17.1.1.8 Setting Up Replication with Existing Data

When setting up replication with existing data, you must decide how best to get the data from the source to the replica before starting the replication service.

The basic process for setting up replication with existing data is as follows:

With the MySQL source running, create a user to be used by the replica when connecting to the source during replication. See Section 17.1.1.3, “Creating a User for Replication”.
If you have not already configured the server_id system variable and enabled binary logging on the source server, you must shut it down to configure these options. See Section 17.1.1.1, “Setting the Replication Source Configuration”.
If you have to shut down your source server, this is a good opportunity to take a snapshot of its databases. You should obtain the source status (see Section 17.1.1.4, “Obtaining the Replication Source Binary Log Coordinates”) before taking down the source, updating the configuration and taking a snapshot. For information on how to create a snapshot using raw data files, see Section 17.1.1.6, “Creating a Data Snapshot Using Raw Data Files”.
If your source server is already correctly configured, obtain its status (see Section 17.1.1.4, “Obtaining the Replication Source Binary Log Coordinates”) and then use mysqldump to take a snapshot (see Section 17.1.1.5, “Creating a Data Snapshot Using mysqldump”) or take a raw snapshot of the live server using the guide in Section 17.1.1.6, “Creating a Data Snapshot Using Raw Data Files”.
Update the configuration of the replica. See Section 17.1.1.2, “Setting the Replica Configuration”.
The next step depends on how you created the snapshot of data on the source.
If you used mysqldump:
1. Start the replica, using the --skip-slave-start option so that replication does not start.
2. Import the dump file:
```
shell> mysql < fulldb.dump
```
If you created a snapshot using the raw data files:
1. Extract the data files into the replica's data directory. For example:
```
shell> tar xvf dbdump.tar
```
  You may need to set permissions and ownership on the files so that the replica server can access and modify them.
2. Start the replica, using the --skip-slave-start option so that replication does not start.
Configure the replica with the replication coordinates from the source. This tells the replica the binary log file and position within the file where replication needs to start. Also, configure the replica with the login credentials and host name of the source. For more information on the CHANGE MASTER TO statement required, see Section 17.1.1.10, “Setting the Source Configuration on the Replica”.
Start the replication threads:
```
mysql> START SLAVE;
```

After you have performed this procedure, the replica should connect to the source and catch up on any updates that have occurred since the snapshot was taken.

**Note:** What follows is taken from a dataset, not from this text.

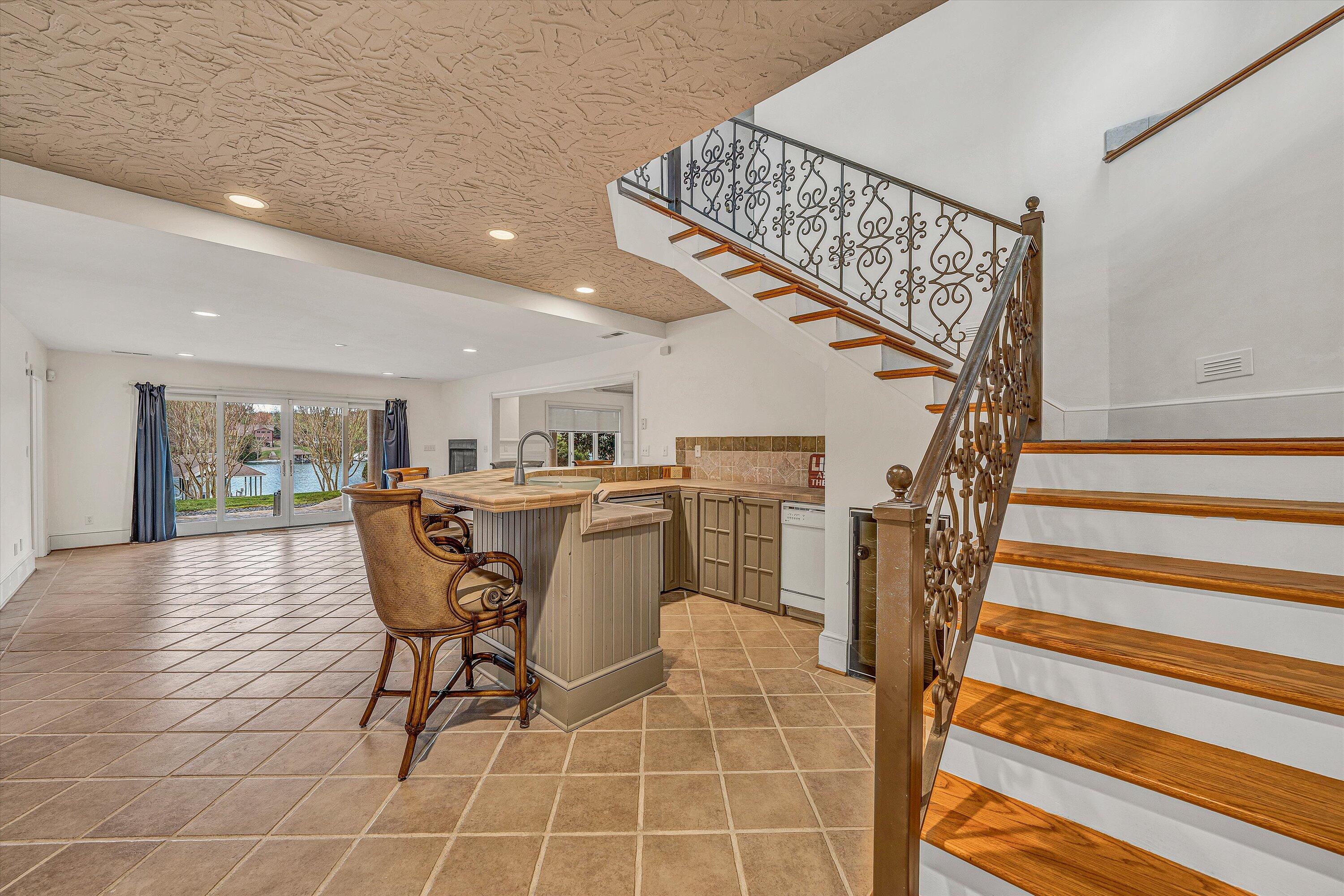 720 Boardwalk Dr, Moneta, Virginia image 39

If you have forgotten to set the server_id system variable for the source, replicas cannot connect to it.

If you have forgotten to set the server_id system variable for the replica, you get the following error in the replica's error log:

Warning: You should set server-id to a non-0 value if master_host
is set; we will force server id to 2, but this MySQL server will
not act as a slave.

You also find error messages in the replica's error log if it is not able to replicate for any other reason.

The replica uses information stored in its connection metadata repository to keep track of how much of the source's binary log it has processed. The repository can be in the form of files or a table, as determined by the value set for the master_info_repository system variable. When a replica runs with master_info_repository=FILE, you can find in its data directory two files, named master.info and relay-log.info. If master_info_repository=TABLE instead, this information is saved in the table master_slave_info in the mysql system database. In either case, do not remove or edit the files or table unless you know exactly what you are doing and fully understand the implications. Even in that case, it is preferred that you use the CHANGE MASTER TO statement to change replication parameters. The replica can use the values specified in the statement to update the status files automatically. See Section 17.2.2, “Relay Log and Replication Metadata Repositories”, for more information.

Note

The contents of the connection metadata repository override some of the server options specified on the command line or in my.cnf. See Section 17.1.4, “Replication and Binary Logging Options and Variables”, for more details.

A single snapshot of the source suffices for multiple replicas. To set up additional replicas, use the same source snapshot and follow the replica portion of the procedure just described.